Cox asked if the group had even discussed or considered the recommendation.
"They did talk about it," Price said.
In response to further questioning from Cox, Price said what he had previously explained was the only reason the group had given for its vote.
Price added that the MPO members said a project already has to undergo an environmental study.
"But that is not economic," Keen said. "That is their job. The comprehensive transportation plan is based on, but not limited to, population growth, economic conditions and prospects and patterns of land development and provides for safe and effective use of transportation systems. Well, economic conditions, I think, would be economic impact."
Price said he thought the group was talking about doing the studies for each individual project.
Such studies are needed in the planning stage not the funding stage of a road, Cox said.
"It is like we talked about at the last meeting," Cox said. "You have businesses on highways. If you reroute the traffic, businesses locate on the roads because of traffic, egress and ingress, and you have got 30,000 cars going by, and that is where they want to be.
"If you change the traffic pattern the traffic is going to go in different directions. What does that do to their business? What does that do revenues, sales? What does it do to taxes coming in from business? We have to know that. We have to know that to make an informed decision on how we are going to recapture those dollars in a different location like these interchanges we talked about that we need to get zoned."
Raleigh does a good job asking counties for options on government issues, Keen said.

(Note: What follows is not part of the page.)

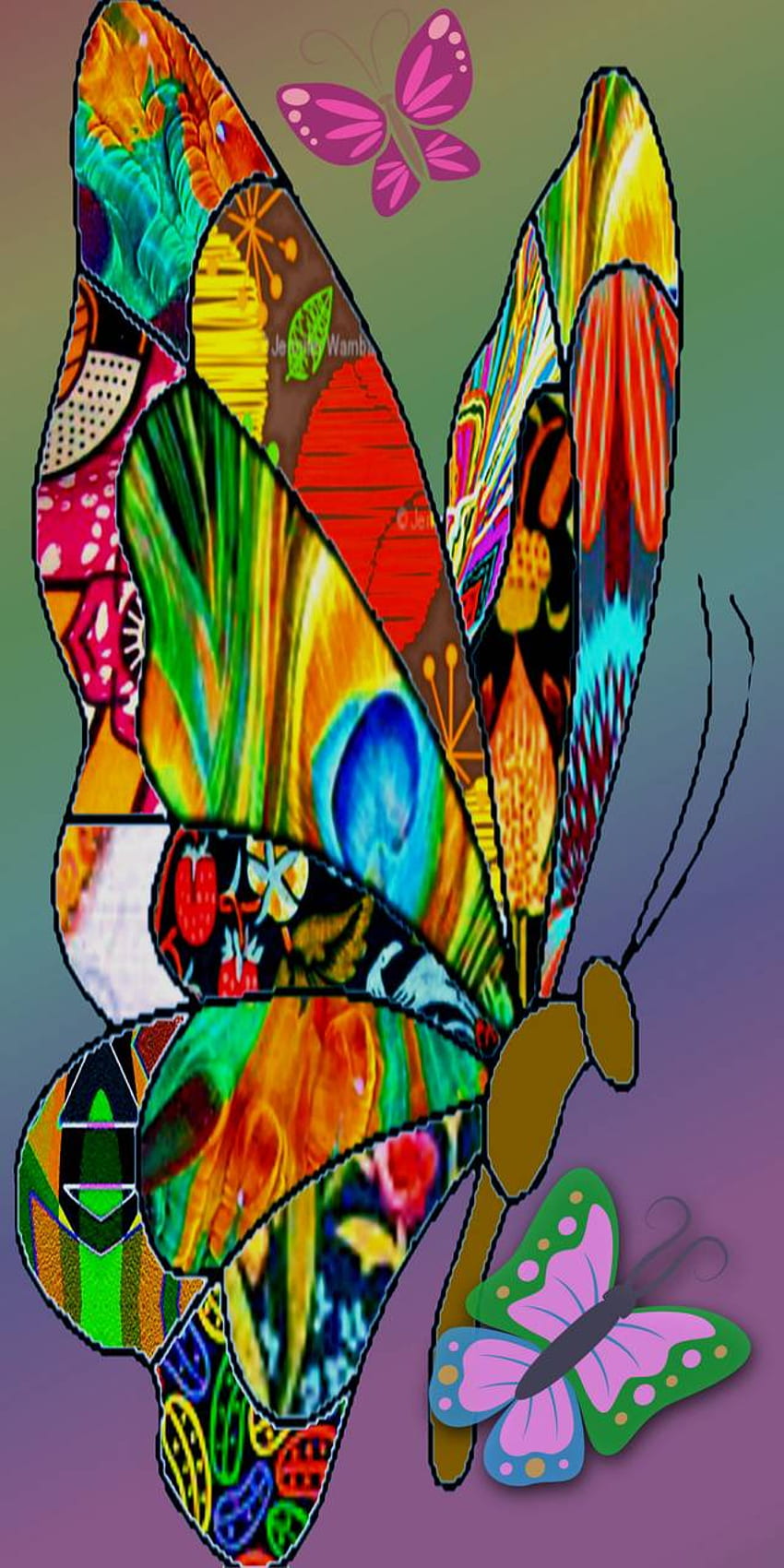 Butterflies, Psychedelic Butterfly HD phone wallpaper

"However, the more the state makes the county survive on its own income and the more they take away from us ... to get this done then it becomes more on our part as planners to understand the economic value of what our decision does for the tax base for sales tax and retail sales," Keen said.

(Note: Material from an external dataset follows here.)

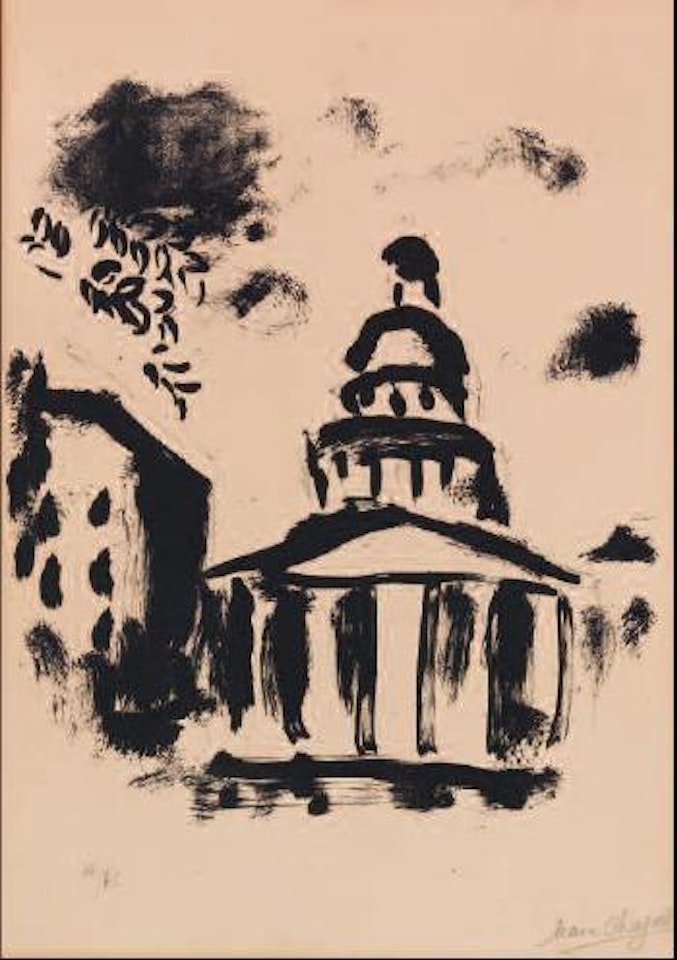 Le Panthéon by Marc Chagall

Price suggested those could be protected by not letting business "go out there (new highway)."
"The businesses are going to leave because the traffic is out there and it (business) is going out there," he said. "My point is we have to know where the dollars are going because we, as planners, need to push getting water and sewer to these intersections faster. The road is going to be built in 2010. For that not to be considered by this board is shortsighted."
Keen noted that it took private efforts to get water and sewer along N.C. 581 at U.S. 70 where the new Wal-Mart development is.

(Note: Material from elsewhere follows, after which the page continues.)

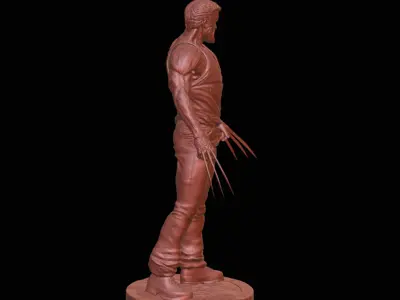 Logan Wolverine 2017 Movie figurine 3D print model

"Once that line was out there then it produced," Keen said. "It went from $180,000 value and $1,900 a year to Wayne County to $14 million to $129,000 in revenue for the county in just three years. That is what happened there in that little 50-acre plat and it also employs 181 people.
"Sure it was in middle of existing U.S. 70 and a proposed highway (U.S. 70 Bypass) and you say that is agricultural land lost, but because of its location, its position, it generated retail sales, it generated sales tax. It is not finished. The out parcels aren't developed and once those out parcels are it will add another $4 million to $5 million to the tax base all because somebody put in sewer lines.
"If we go and start looking at these other areas ... and use this as an example we know if we can do this at others then look at the money that could be generated and the people hired and the retail sales made and sales tax to reduce the debt on education along with other things."
Keen said everybody "dreams" of appreciating land values. No one, he said, wants to see land values depreciate.
There are businesses paying $3 million to $4 million just to have property on the highway and then there are restaurants "paying mega-bucks" for property on the highway, he said.
"When you shift the cars, and even though it (traffic level) might come back in 10 or 15 years what is important is that transition period," Keen said. "How do we plan for that?"